Crawled caption data:
[Start of Attachment]

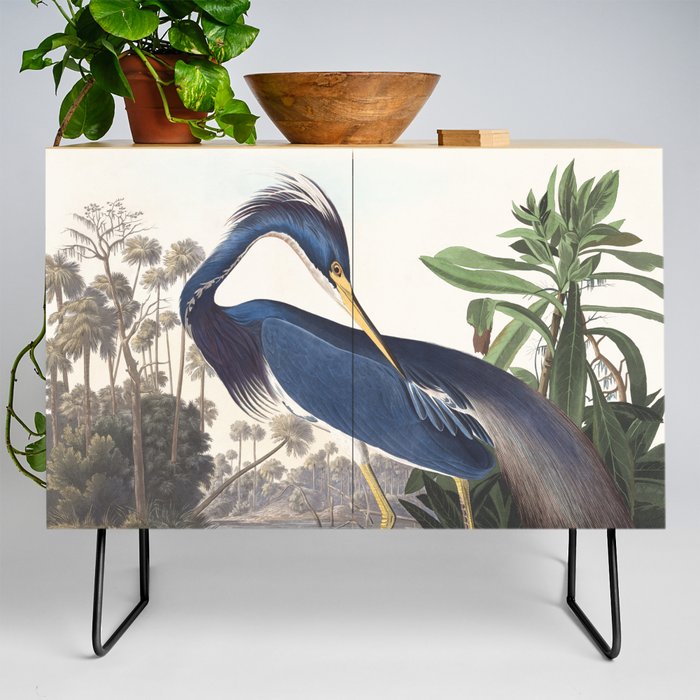 Louisiana Heron Bird Blue Yellow Painting Credenza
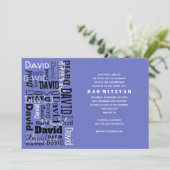 IHR NAME Bar Bat Mitzvah Einladung (Stehend Vorderseite)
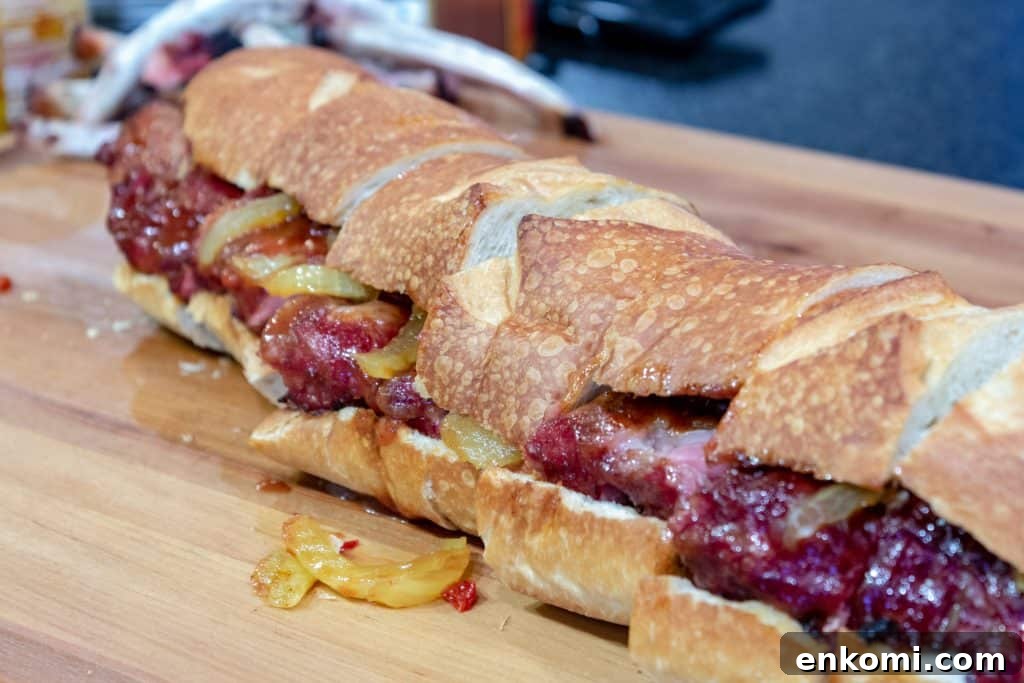BBQ pork rib sandwich sliced up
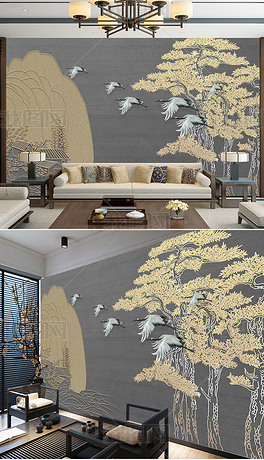 新中式手绘仙鹤古建筑迎客松背景墙壁纸客厅卧室背景墙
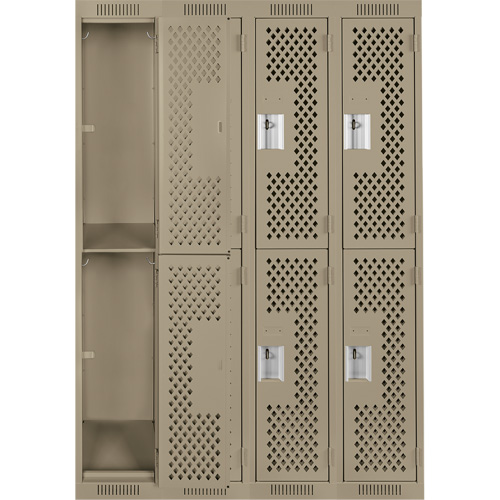 Clean Line Lockers, 2 -tier, Bank of 4, 48" x 12" x 72", Steel, Beige, Rivet (Assembled), Perforated Canadian Safety Group Inc.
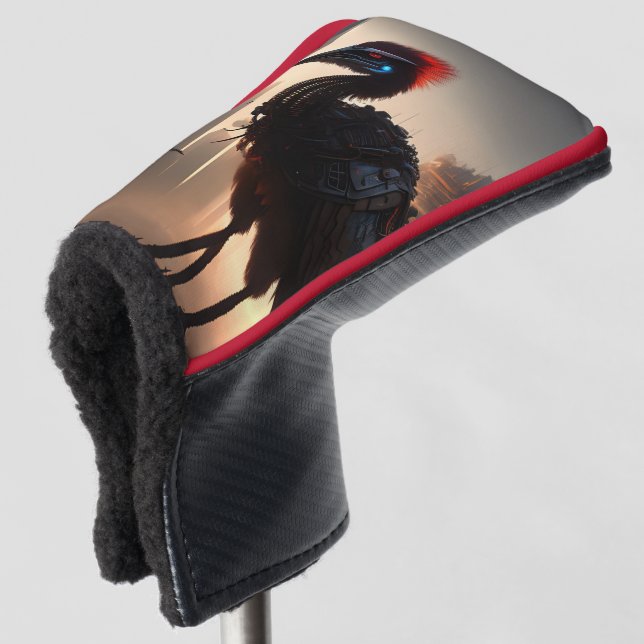"Techno-Feathers: The Futuristic Emu Robot" Golf Headcover (3/4 Vorderseite)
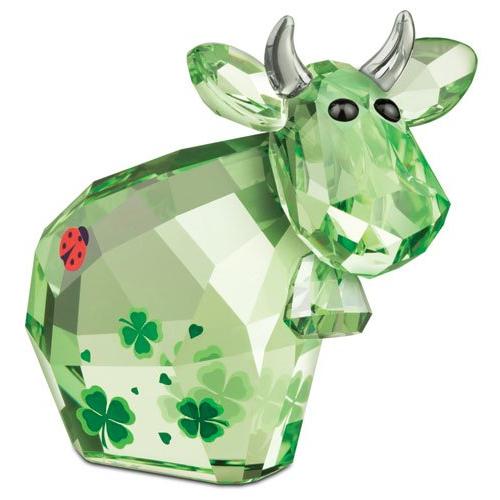 SWAROVSKI - スワロフスキー SWAROVSKI ラッキー・モー オブジェ 置物 1096750 グリーン【中古】 スワロフスキー SWAROVSKI ラッキー・モー オブジェ 置物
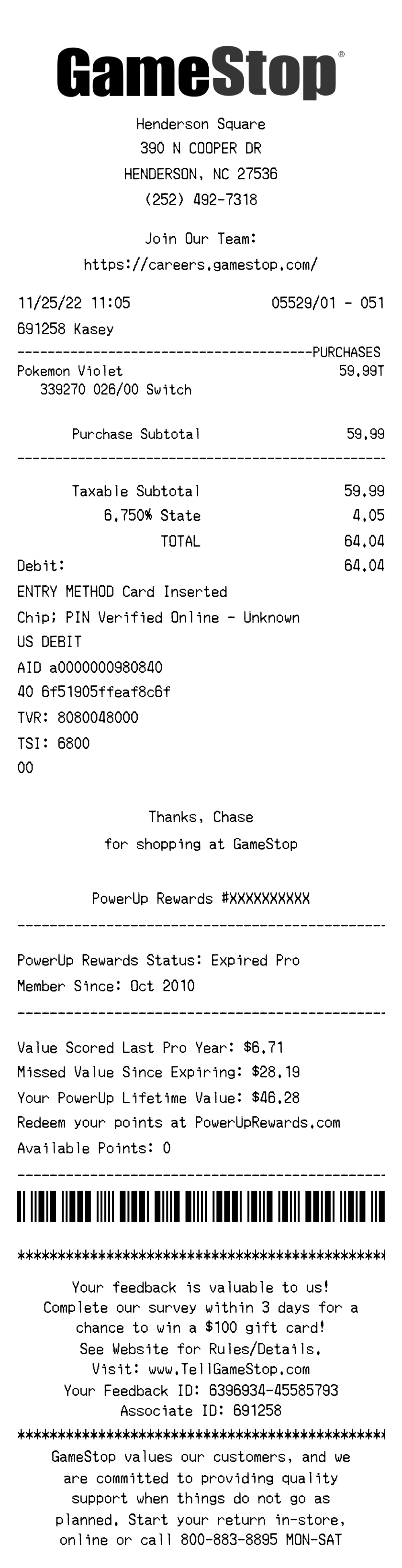 Editable GameStop Receipt template preview, free receipt generator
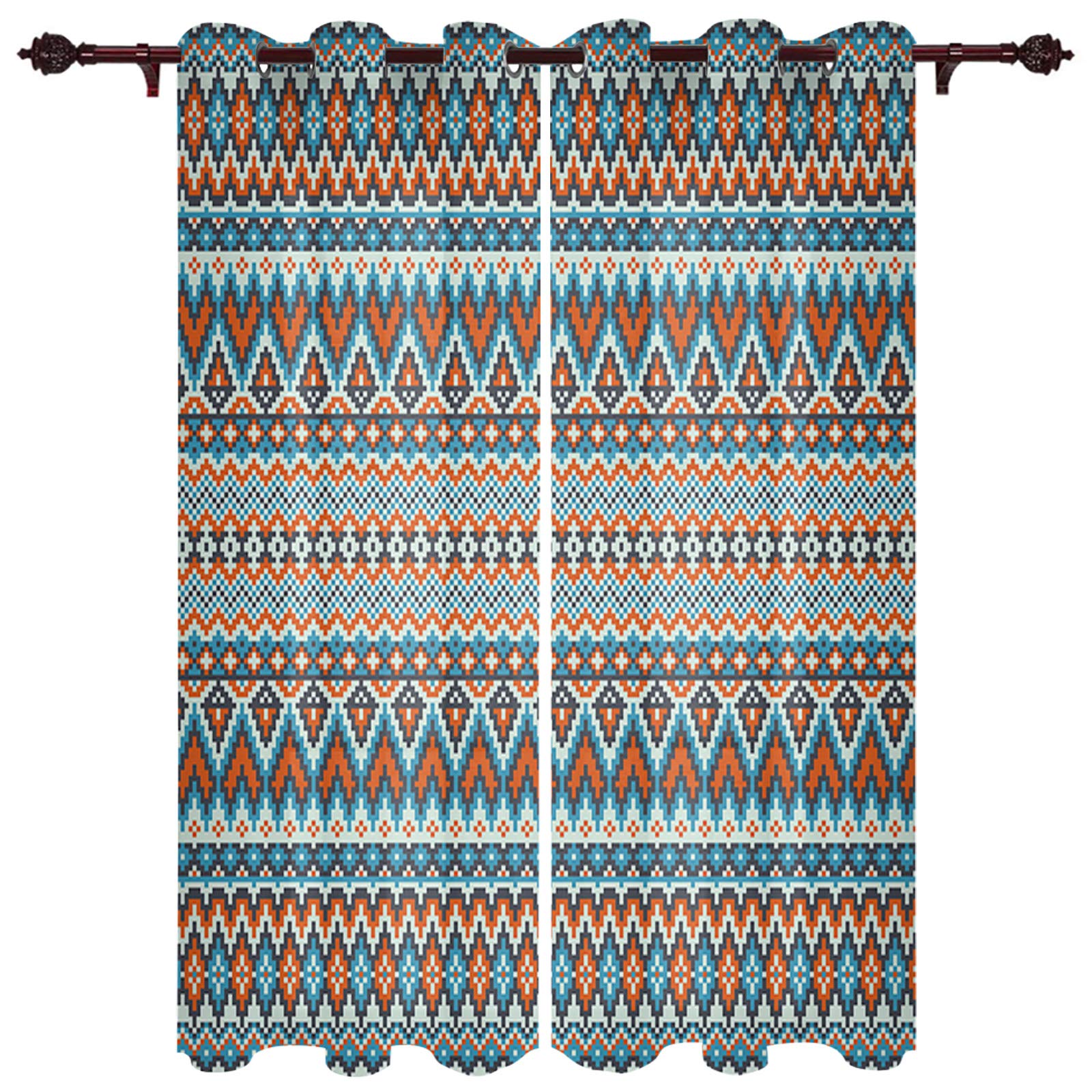 Knitted Semi-Sheer Floral Curtains - Light Filtering Retro Window Drapes 40x63 Inch (Set of 2 Panels) for Living Room & Bedroom - Grommet Top Kitchen Curtains with Vintage Floral Pattern - Perfect for Cozy Home Decor & Sunlight Control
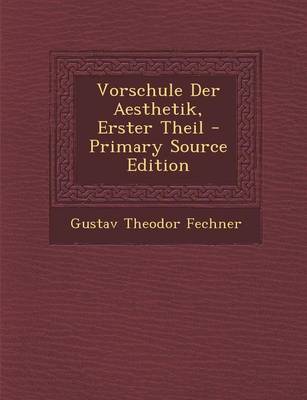 Book cover for Vorschule Der Aesthetik, Erster Theil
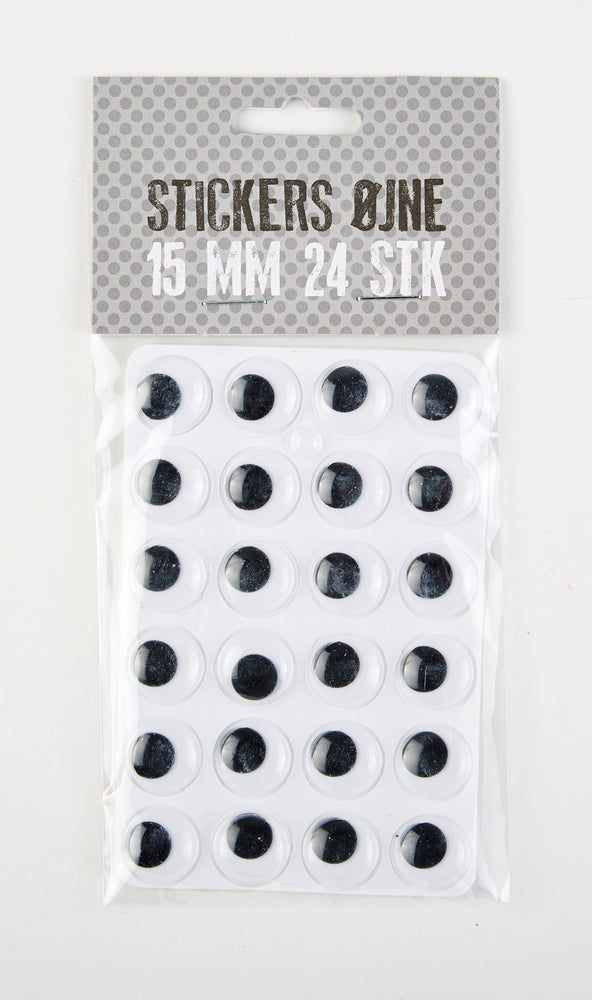 STICKERS MED ØJNE DIA. 15MM 24 STK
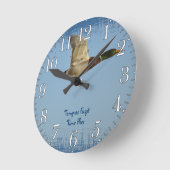 Flying Mallard Duck Kunst für Naturliebhaber Runde Wanduhr (Winkel)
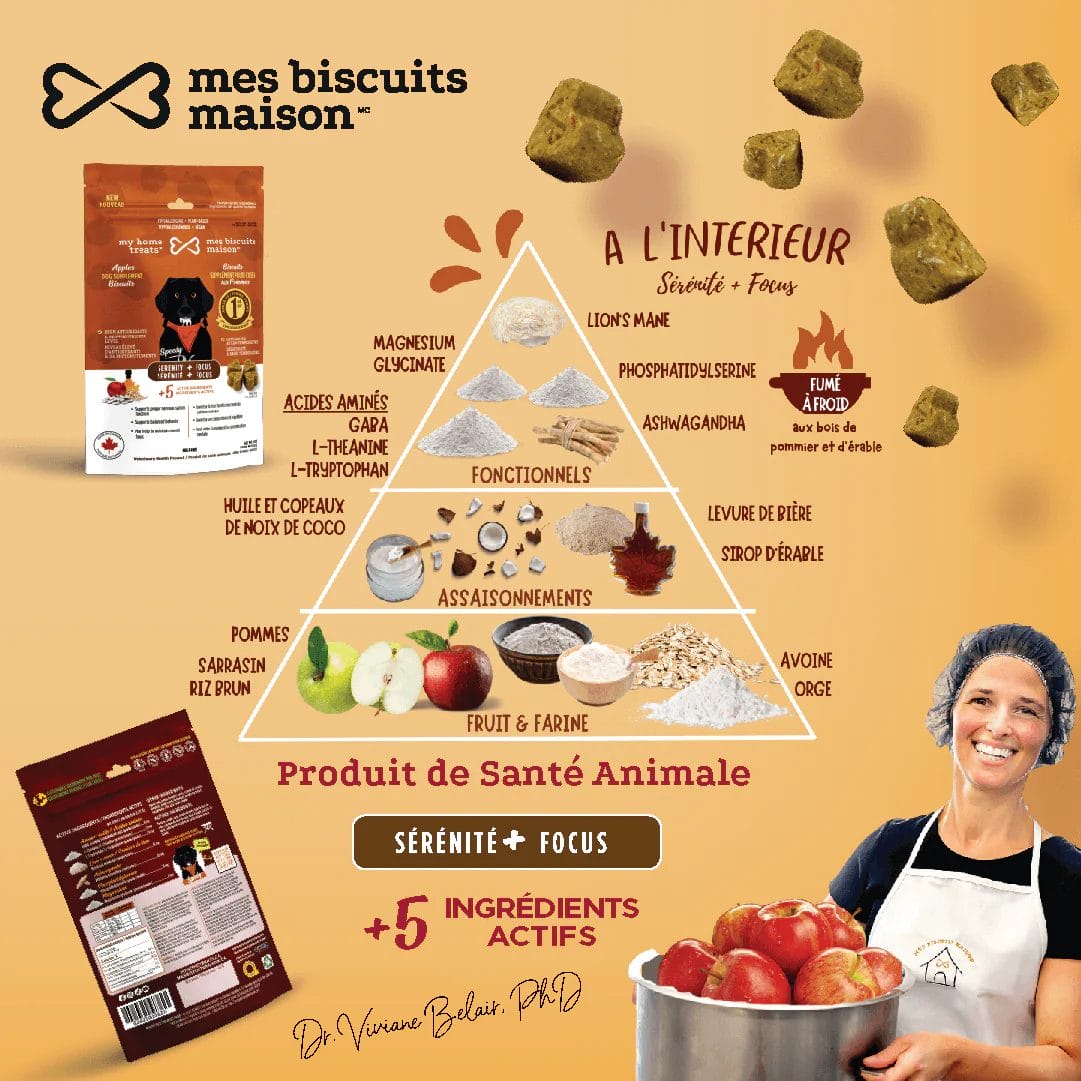 Mes biscuits maison – Supplément hypoallergénique pour chien aux pommes - Sérénité + Focus 170g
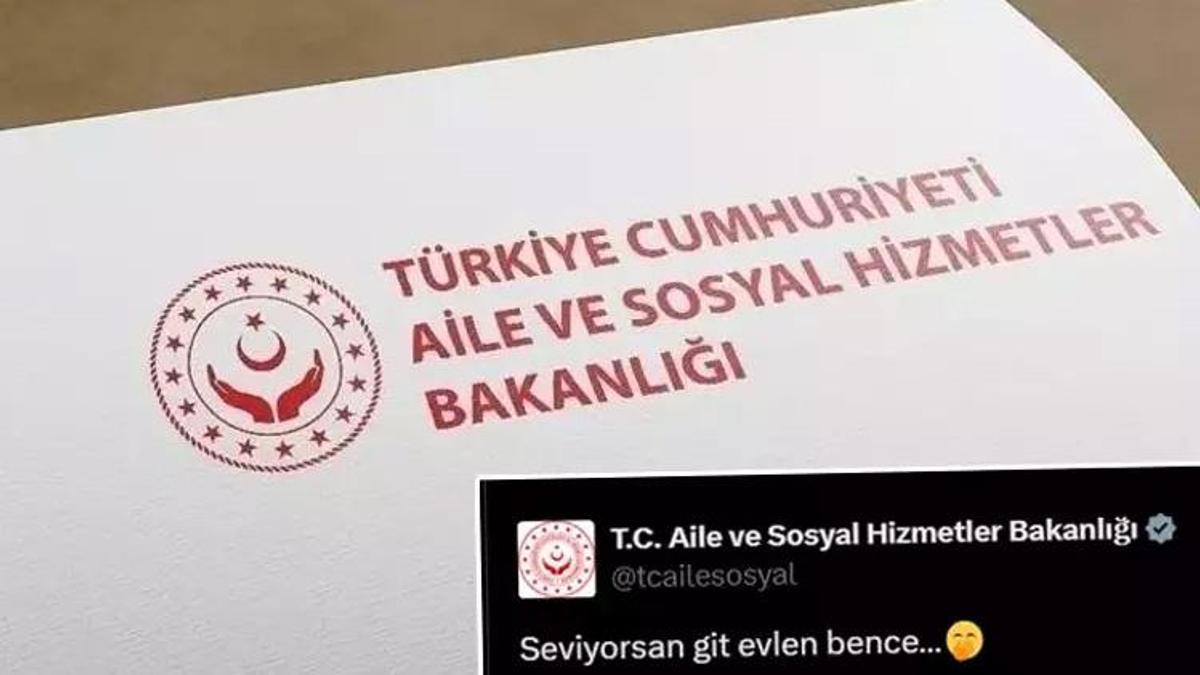 Aile ve Sosyal Hizmetler Bakanlığı'ndan '14 Şubat' paylaşımı: 'Seviyorsan git evlen bence'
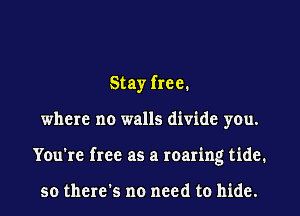 Stay free.
where no walls divide you.
You're free as a roaring tide.

so there's no need to hide.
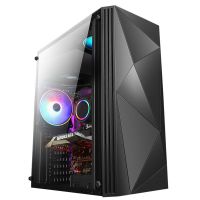 凌影黑色（豪华版） 机箱+3个15灯风扇|积至 凌影电脑机箱台式全侧透游戏水冷atx大板背线机箱K6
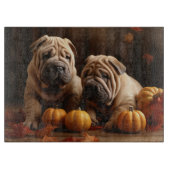 Shar Pei Welppy Autumn Delight Pumpkin Schneidebrett (Vorderseite)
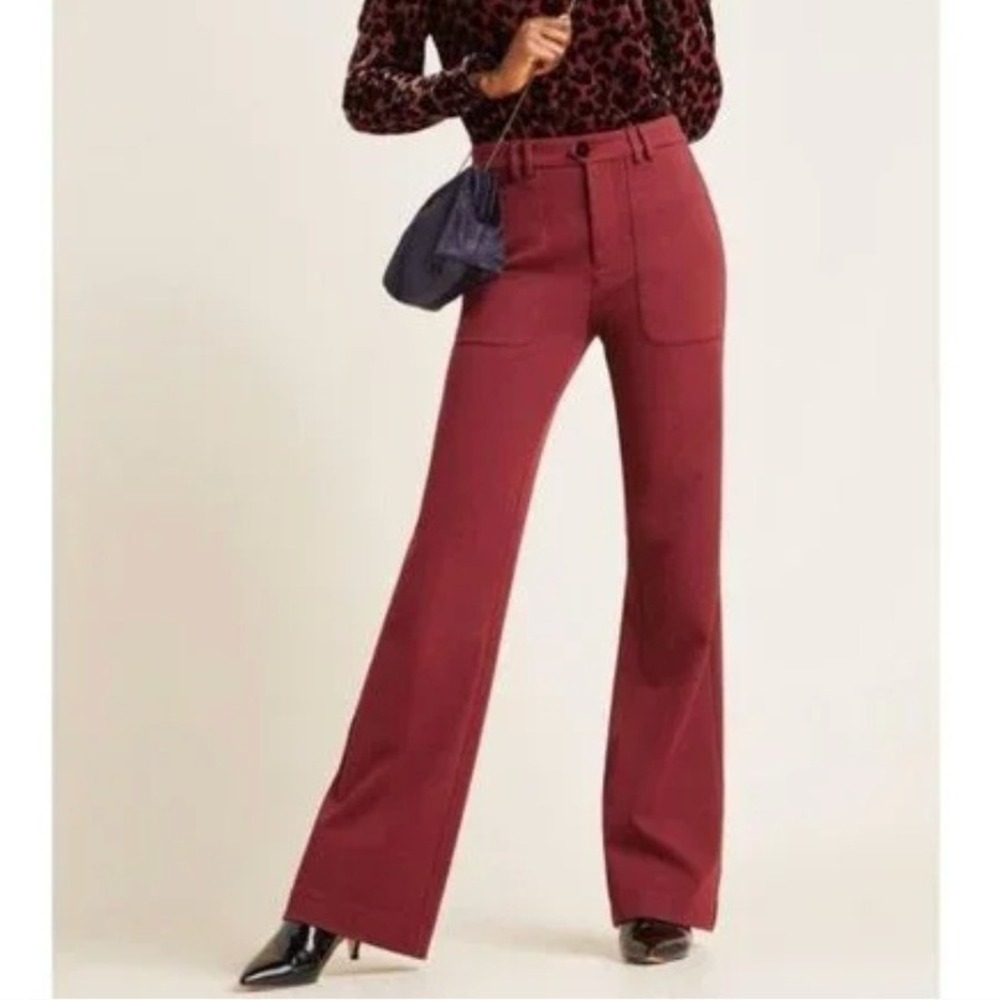 Athropologie Essential Flare Leg Trousers Burgundy Red Size 10 High Rise Pants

[End of Attachment]

§ **Your assignment**: Without any pictures, please write out the lines from the one containing "Aile ve Sosyal" through the final line of the data, exactly and inclusive of both ends.

§ **Result of the exercise**:
 Aile ve Sosyal Hizmetler Bakanlığı'ndan '14 Şubat' paylaşımı: 'Seviyorsan git evlen bence'
 Stay free.
where no walls divide you.
You're free as a roaring tide.

so there's no need to hide.
 凌影黑色（豪华版） 机箱+3个15灯风扇|积至 凌影电脑机箱台式全侧透游戏水冷atx大板背线机箱K6
 Shar Pei Welppy Autumn Delight Pumpkin Schneidebrett (Vorderseite)
 Athropologie Essential Flare Leg Trousers Burgundy Red Size 10 High Rise Pants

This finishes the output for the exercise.